● DATASET CONTENT
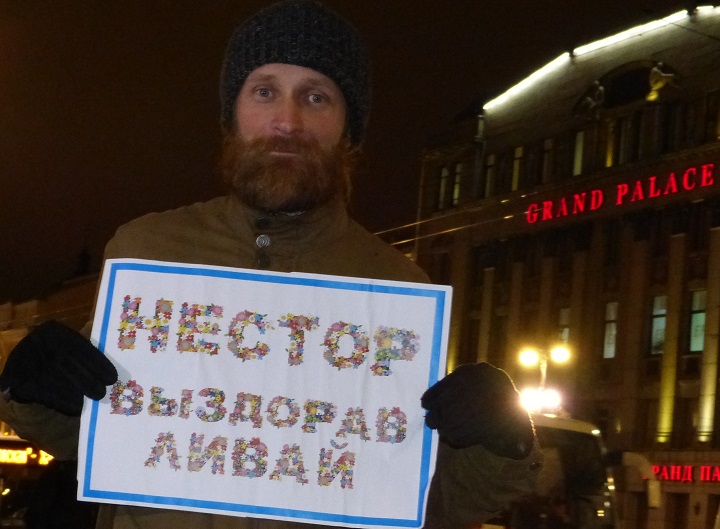 29 ������ 2019. ������ ������������ � �������
November 29, 2019. The pickets of solidarity with Moscow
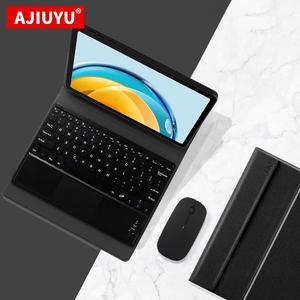 AJIUYU 适用2023华为MatePad SE蓝牙键盘10.4英寸HUAWEI matepadse无线触控键盘皮套AGSW5-W00/W09保护套/壳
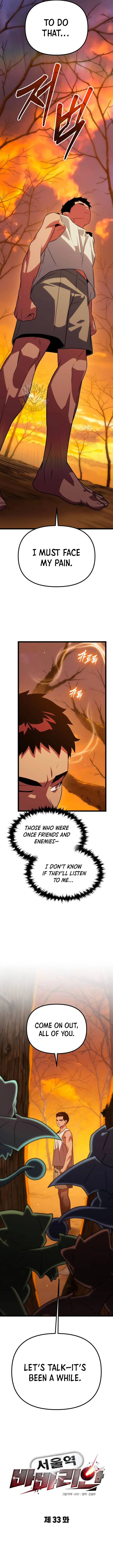 Seoul Station Barbarian Chapter 33 - Page 3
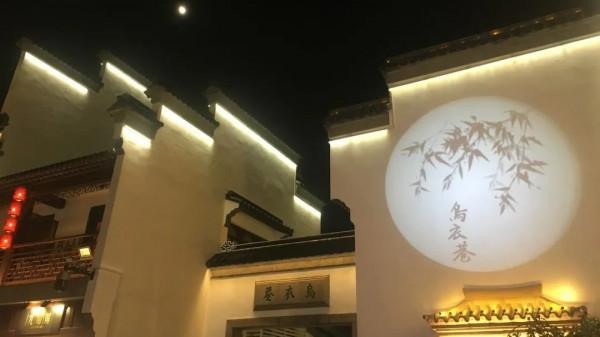 槳聲燈影處 十里秦淮河 | 詩詞閒話夜秦淮 槳聲燈影處 十里秦淮河 | 詩詞閒話夜秦淮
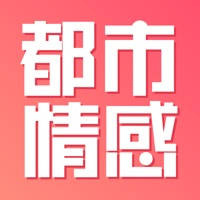 都市情感说 都市情感说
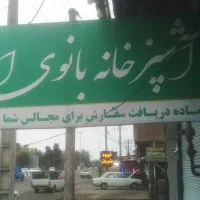 آشپز خونه بانوی ایرانی شیدا یک نیروی خانوم میخاد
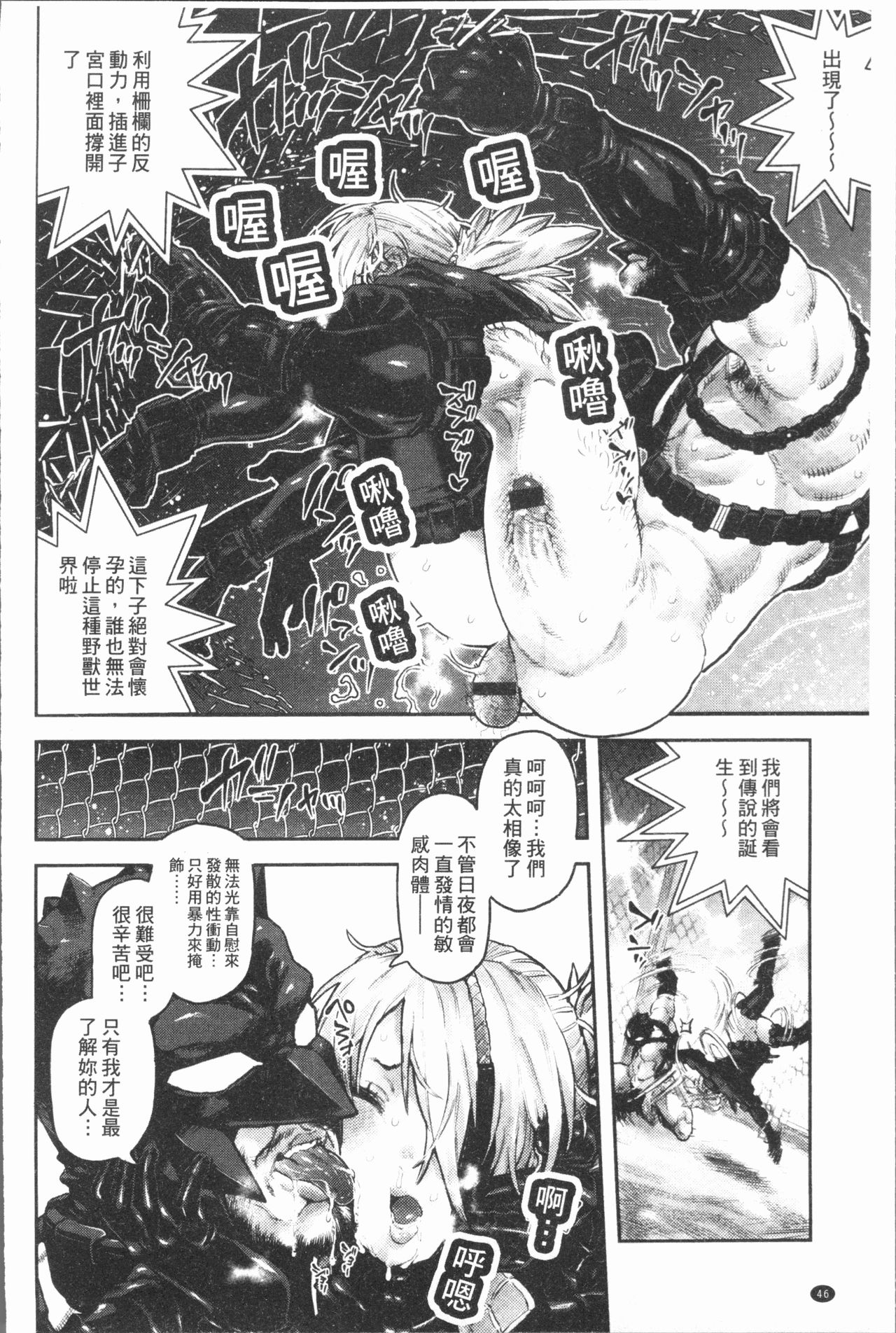 Sei ZONE - SEX ZONE - Page 50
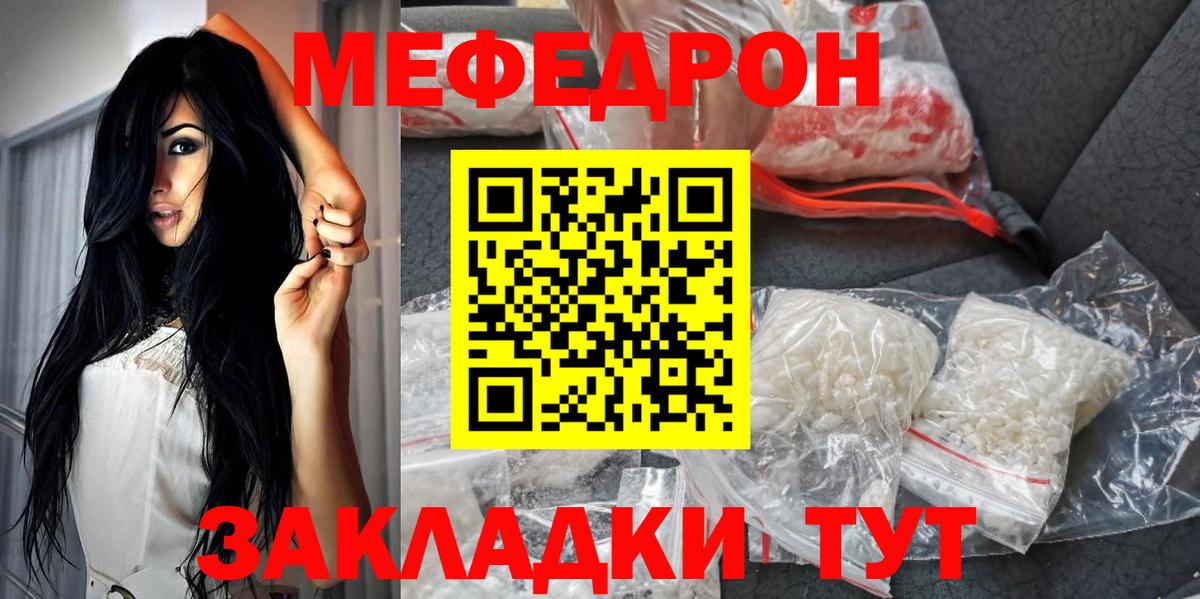 Лабинск  Меф мяу мяу  Вход с VPN  МЕФ  МЕФ  Мефедрон кристаллы 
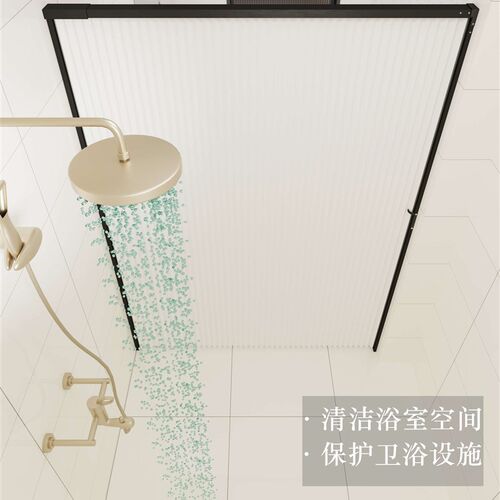隐形浴帘磁吸f免打孔折叠浴室隔断卫生间洗澡帘防水布防霉淋浴屏
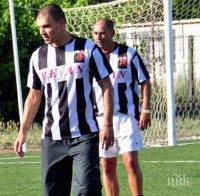 Изненада: Валери Божинов на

● WHAT THE TASK REQUIRES
All that belongs in the answer is the lines from the line with "Sei ZONE - SEX ZONE - Page 50" through the closing line of the entries, inclusive, transcribed exactly and free of pictures.

● FINISHED TASK
 Sei ZONE - SEX ZONE - Page 50
 Лабинск  Меф мяу мяу  Вход с VPN  МЕФ  МЕФ  Мефедрон кристаллы 
隐形浴帘磁吸f免打孔折叠浴室隔断卫生间洗澡帘防水布防霉淋浴屏
 Изненада: Валери Божинов на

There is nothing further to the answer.